Interview with HACE Data Scientist: Andy Lau
Data Scientist Andy Lau speaks to blog contributor Elle Bennett about the work he does with HACE and how data can be used in the fight to eliminate child labour.
Hi Andy, can you give me a brief overview of what a Data Scientist does?
The term ‘Data Scientist’ is thrown around a lot nowadays, it is quite a generic term. What one data scientist does at one company may be completely different to what another does at another company.
I see a Data Scientist’s role as solving business problems using data. Depending on what type of data you are working with or what industry you are working in this could range from building something that predicts what you might buy next given your shopping basket or something that can scan a PDF document to pick out key words and subjects.
So, in a nutshell, a Data Scientist is just someone who works with data and builds creative solutions to answer questions.
What do you do with Data Science at HACE?
Here at HACE my main function is to take data that has been extracted by our Data Researchers and provide insight. This is almost always in the form of some sort of visual representation of the data.
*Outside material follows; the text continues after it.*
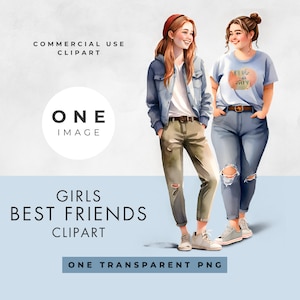 Best Friends Clipart, 2 Teen Girls, kommerzielle Nutzungslizenz, transparente PNG, Aquarell, Teenager, 2 Teen Girls, sofortiger digitaler Download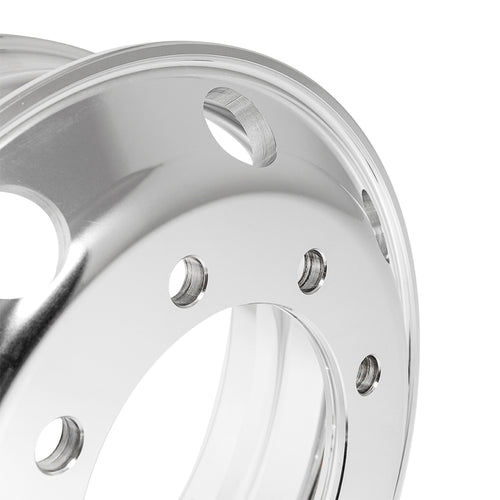 Aluminum Wheel 19.5" X 6.75", 8 Holes, Hub Pilot , Mirror Polish Both Side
Choosing how to display the data is more art than science. Do I display this data in the form of a bar graph, geographically or something else entirely? Do I split graphs into different segments to highlight a point that my team is trying to make?
Data Scientists also have other roles at HACE. They work on building systems and structures with Data Engineers for the data we collect and collate. We also have some Data Science projects working on building models using technology such as Natural Language Processing (NLP) and predictive models.
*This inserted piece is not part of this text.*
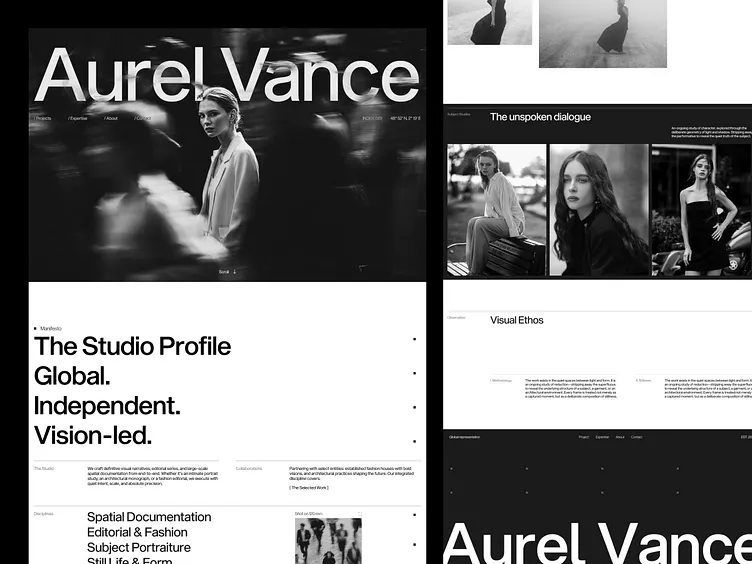 Aurel Vance creative studio website with bold typography and monochrome layouts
Plus we have a team of Data Scientists, Data Analysts and Statisticians all working together on solving complex problems of missing data. Data is so broad, it really encompasses a whole range of different disciplines.
How did you get involved working with HACE?
I got involved by chance when I had a conversation with a networking contact of Eleanor’s. He asked me if I was interested in working with child labour data as he knew I was interested in the concept of using data for good. This led to a chat with Eleanor and then a presentation given by me and as the saying goes, the rest is history.
Did you know much about the issue of child labour before joining HACE?
I knew of its existence, but I unfortunately did not know much more than that. I believe many people are possibly in the same situation that I am and could possibly be able to make a positive difference but simply do not know how. So here at HACE we are raising awareness and informing these very sorts of people.
What insights can data give us on child labour?
The goal here at HACE is to determine the links between other factors and child labour, to ultimately explore the causes of child labour.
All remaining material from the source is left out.